Director Karim Aïnouz is familiar to some audiences for his films like Invisible Life and Futuro Beach that span continents and the way we often go looking for something somewhere else and don’t find it. Or struggle to. Or aren’t sure what it was they were looking for at all...
It’s a familiar feeling I am sure to many who venture across seas and land to begin a new life and it’s something that he explores again in this, his third feature-length documentary. Here, he sets out for his father's homeland of Algeria.

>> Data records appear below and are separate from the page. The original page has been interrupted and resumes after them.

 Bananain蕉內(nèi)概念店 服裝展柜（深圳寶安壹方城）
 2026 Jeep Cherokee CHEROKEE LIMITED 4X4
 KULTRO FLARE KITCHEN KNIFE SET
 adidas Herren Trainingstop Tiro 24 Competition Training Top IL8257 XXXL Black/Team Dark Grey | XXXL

Mariner of the Mountains is something of a travel diary—although the editing of Ricardo Saraiva, at times both fluid and yet jagged—often fights against this non-fiction sub-genre’s more traditional rhythms. Although his dad is still alive, he has been long absent and so narration is spoken to his late mother, Iracema, who raised him as a single parent in Brazil. We learn of Aïnouz’s parents own journey that took in Colorado and back to Algeria during its civil war, often as “Moon River” softly echoes across the soundtrack more than once. When the director arrives in Algeria, he notes that it is the first time he hasn’t had to spell his name at the Customs desk.
From there, he meets a variety of people and visits just as many places. There are the younger kids who wish France was still the colonizing power. He crosses the Atlas Mountains and meets a young family and wonders—could they be related? He eventually locates his father’s birthplace and meets relatives thought long-lost.

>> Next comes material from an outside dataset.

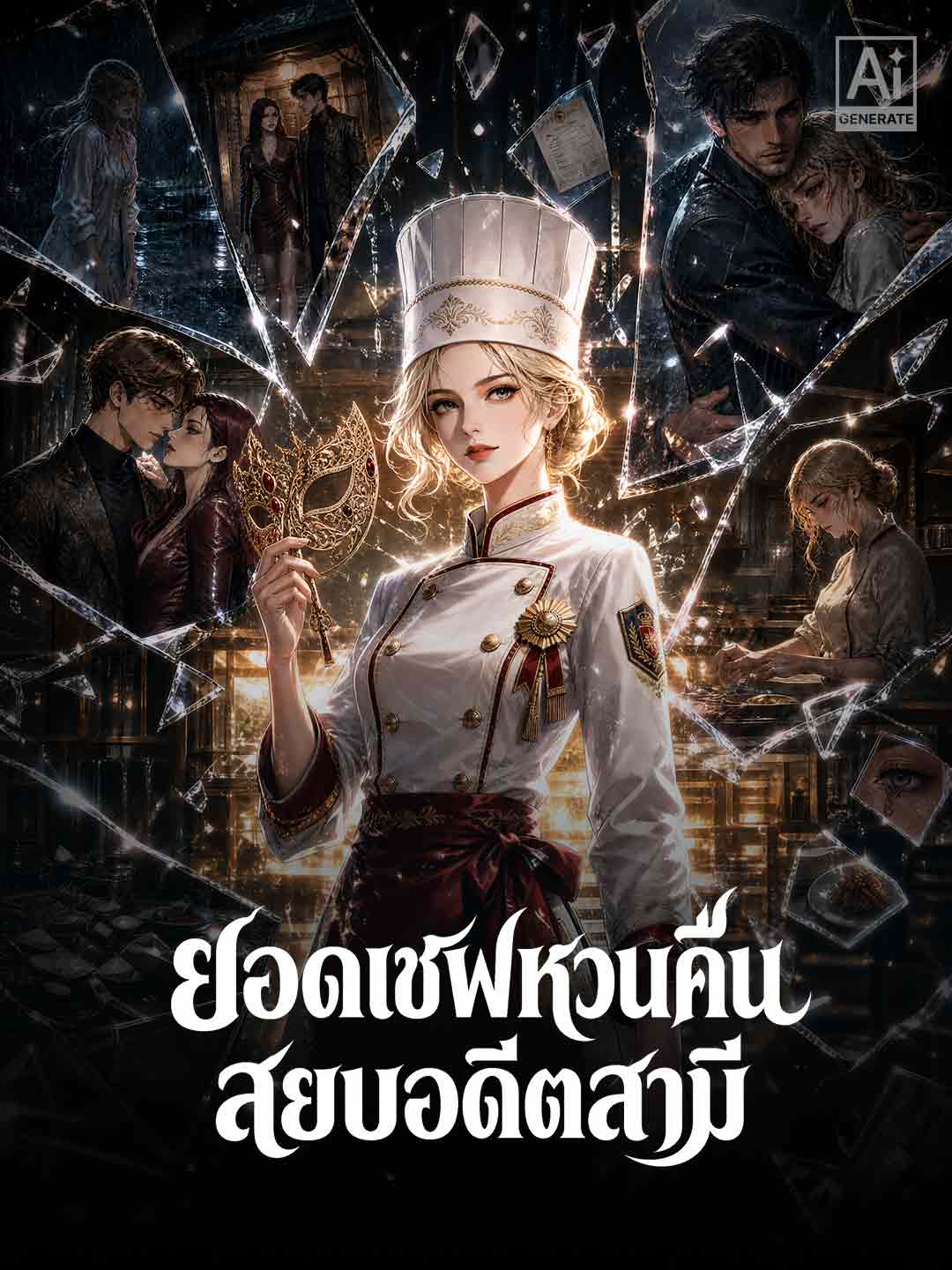 ยอดเชฟหวนคืน สยบอดีตสามี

Mariner of the Mountains is of course about the journey from a strictly narrative standpoint. As a story of point a to point a and back to point a again, a story of familial introspection, it is a lovely work of documentary. But what makes Aïnouz’s film something altogether more special and unique are its technical ingredients. As well as Saraiva’s aforementioned editing, which also makes use of historical archive footage, the work of cinematographer Juan Sarmiento G. is of an almost indescribable importance. Predominantly built out of crisply shot digital images and photographs, the film sometimes uses switches to simultaneously shot Super 8 analog that mimcs the evocative, textural beauty of old family movies taken of Aïnouz’s mother. While in other films this could come across as gimmicky, it actually allows the film to dance a dance of fleeting, fluttering memories that brings generations crashing together. The sound design too, an integral part of its power.

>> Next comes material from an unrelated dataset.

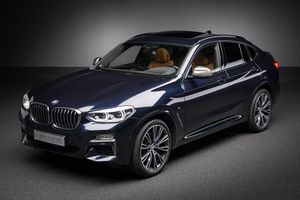 BMW X4 2019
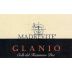 Madrevite Colli del Trasimeno Glanio 2010 Front Label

Considering Mariner of the Mountains is so distinctly about memory, it’s fitting that all of these parts work together to make something that is so, well, memorable. Aïnouz infuses his heartfelt passages of love and pain with avant-garde cutaways and inserts. A final visual explosion over the end credits to the sounds of Jimmy Somerville singing his Bronski Beat hit “Smalltown Boy” is one of many indelibly moments that separately could feel unnecessary or distracting, but when compiled here as they have been in association with every else really does help form a one-of-a-kind picture.
This a picture that allows for the audience to drift in and out of its tonal shifts. It’s not necessarily an easy film to watch or engage with if you’re not on its wavelength fairly early on. But it does move in waves, like those of the Mediterranean. It’s likely each viewer will have a different moment that emerges as one that rises above the rest. With so many options, I would certainly hope it would! Mariner of the Mountains moves like a dream without the sort of filters that our awaken selves so easily put up. Like some sort of Cronenergian device that puts us directly into Aïnouz’s mind with its flurry of images, ideas, identities, words and memories. It’s a sublime work of art that like Aïnouz’s earlier films, Futuro Beach and The Invisible Life of Euridice Gusmao will linger long in my own memory.
Release: Streaming as of this week in many countries on MUBI.
Awards chances: Doubtful. This is the sort of thing that probably won’t even be submitted given it’s so far away from what the branch normally goes for. I know some thought The Invisible Life had a shot for the international category several years ago, but I suspect like Yorgos Lanthimos before him, the director’s next work (a royal drama with Alicia Vikander and Jude Law) could prove a meeting of sensibilities.
Reader Comments (2)
duplicated
If you enjoy Karim's work so much, maybe you should try O Céu de Suely (Love For Sale), his most famous film in Brazil. It's a fiction, but with some of the director's favorite themes, such as family roots, identity search, sexuality and the will for fulfillment. Also, the film has a climatic sequence shot in Super 8.